October “Toby” Daye is a changeling, the daughter of Amandine of the fae and a mortal man. Like her mother, she is gifted in blood magic, able to read what has happened to a person through a mere taste of blood.
Half-human, half-fae, outsiders from birth, most changelings are second-class children of Faerie, spending their lives fighting for the respect of their immortal relations. Toby is the only changeling who has earned knighthood, and she re-earns that position every day, undertaking assignments for her liege, Sylvester, the Duke of the Shadowed Hills.
Now Sylvester has asked her to go to the County of Tamed Lightning — otherwise known as Fremont, California — to make sure that all is well with his niece, Countess January O’Leary, whom he has not been able to contact. It seems like a simple enough assignment — but when dealing with the realm of Faerie, nothing is ever as simple as it seems.
January runs a company that produces computer fantasy games, and her domain is a buffer between Sylvester’s realm and a rival duchy whose ruler is looking for an opportunity to seize control. And that is the least of January’s problems. For Tamed Lightning has somehow been cut off from the other domains, and now someone has begun to murder January’s key people. If Toby can’t find and stop the killer soon, she may well become the next victim.
©2010 Seanan McGuire (P)2010 Brilliance Audio, Inc.
This is a great read! Fantastic addition to the genre--October Daye is a different kind of protagonist and her world is quite unique! I'm looking forward to reading more from this series.
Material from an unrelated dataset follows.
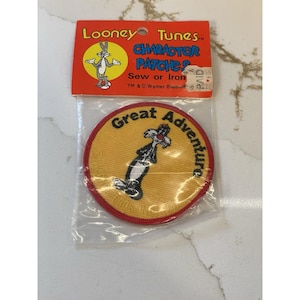 May include: A Looney Tunes character patch featuring Sylvester the Cat in a yellow circle with a red border. The patch reads "Great Adventure" and is packaged with a Looney Tunes header card.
The only thing I am disappointed with is finding out this is the SECOND book in the series and audible only has this one so far.
If you like urban fantasy noir, you can do no better than Seanan McGuire's "October Daye" series. If you like good audio reading, Mary Robinette Kowal is your lady. Her voice characterizations are spot on. You never have to wonder who is actually speaking now.
Start with "Rosemary and Rue" and continue on from there.
Seanan really hits her stride here, and the series gets moving.
OK, Look. Seanan ENJOYS torturing her characters. Toby gets run ragged from the first minute to the last. When it looks like something good is about to happen to her - It's not.
And I LOVE it.
It's a good mystery, with enjoyable characters and my favorite narrator on Audible (sorry Evil Wil Wheaton). I really enjoy this series.
A Local Habitation is the second installment of this series (which should definitely be read in order). Another amazing story with narration that is well-done and consistent with the first book. I can't recommend this series enough! I am already anticipating the the third book that is releasing in September.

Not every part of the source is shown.